FCC Enforcement Bureau Chief Loyaan Egal provided the subcommittee with a statement for today’s hearing. He said the FCC’s enforcement efforts include $500 million in fines against robocallers issued this year, and orders that require phone companies to block calls sent by other telcos that don’t follow the rules. He said the FCC moves have reduced robocalls, citing a study by the vendor Robokiller that said robocalls to Americans were down by 21 percent year over year in the first half of 2023.

But the FCC says it can do more if given additional authority from lawmakers. Despite increased enforcement power from the TRACED Act approved by Congress in 2019, Egal wrote that Chairwoman Jessica Rosenworcel “has identified two additional fronts where Congress can help the Commission’s enforcement efforts.”

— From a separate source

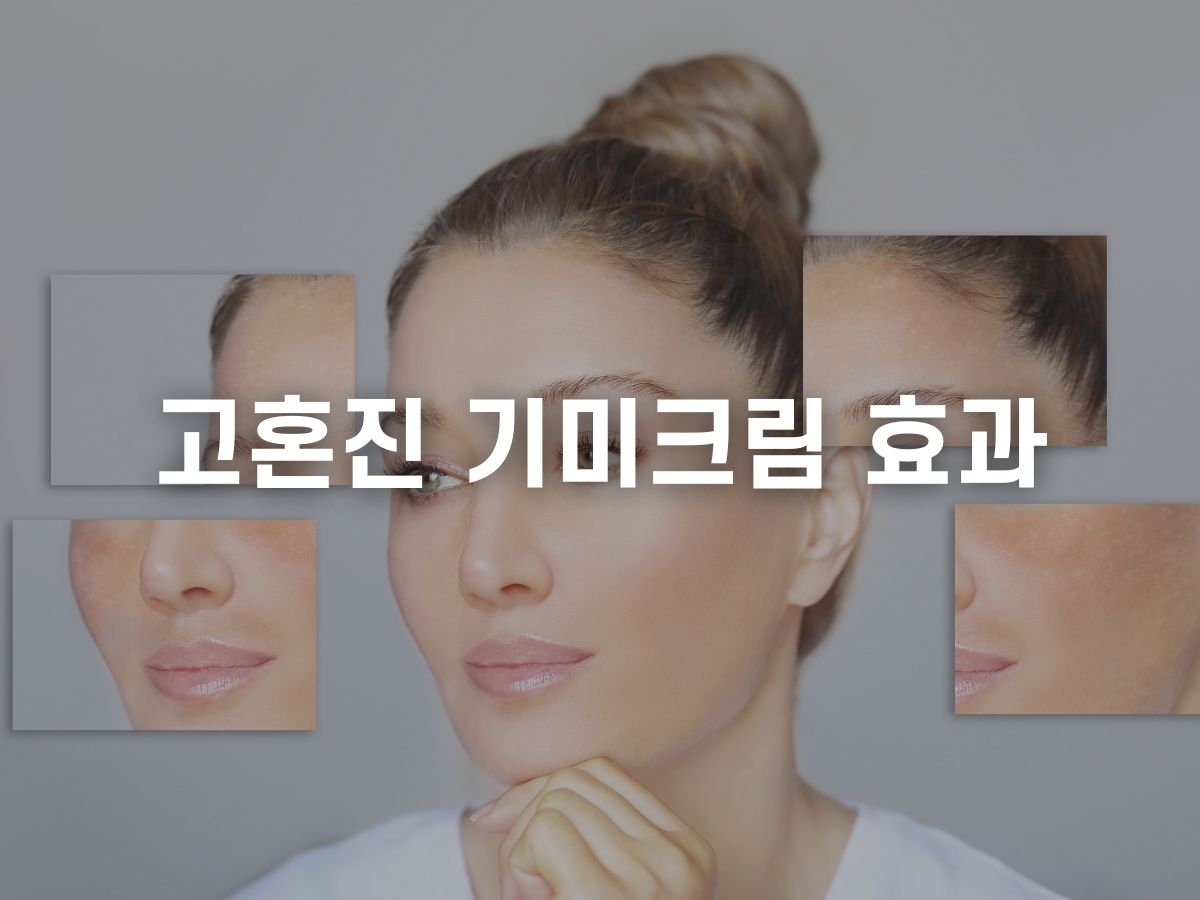 고혼진 화장품 효과 (기미크림)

Rosenworcel wants authority to collect fines without needing to involve the Department of Justice. Egal wrote:

The Commission has the authority to issue a Forfeiture Order for violations of the Communications Act and its rules, but it lacks the authority to pursue collection without involvement from the Department of Justice (DOJ). Since 2018, the Commission has referred eight robocalling forfeiture orders to the DOJ for collection, of which the DOJ is currently pursuing collection for two. The result is that significant sums of ill-gotten gains are potentially left in the pockets of bad actors. With its own authority to collect its fines, the Commission would pursue these cases promptly and aggressively.

The FCC also wants Congress to expand the definition of “automatic telephone dialing system” in the Telephone Consumer Protection Act (TCPA), which protects consumers from calls made using an “automatic telephone dialing system or an artificial or prerecorded voice.” Egal wrote:

The TCPA’s definition of automatic telephone dialing system has been unaltered since 1991 and needs adjustments to keep pace with the way technology has developed over the last thirty years. Further, in Facebook v. Duguid, the Supreme Court narrowly interpreted “automatic telephone dialing system” to mean equipment that stores or generates numbers randomly or sequentially. Consequently, equipment that simply stores non-random and non-sequential lists of numbers may fall outside the statute. This interpretation makes it harder for the Commission to regulate bad actors manipulating technology to reach massive volumes of consumers, particularly with regards to sending unwanted text messages.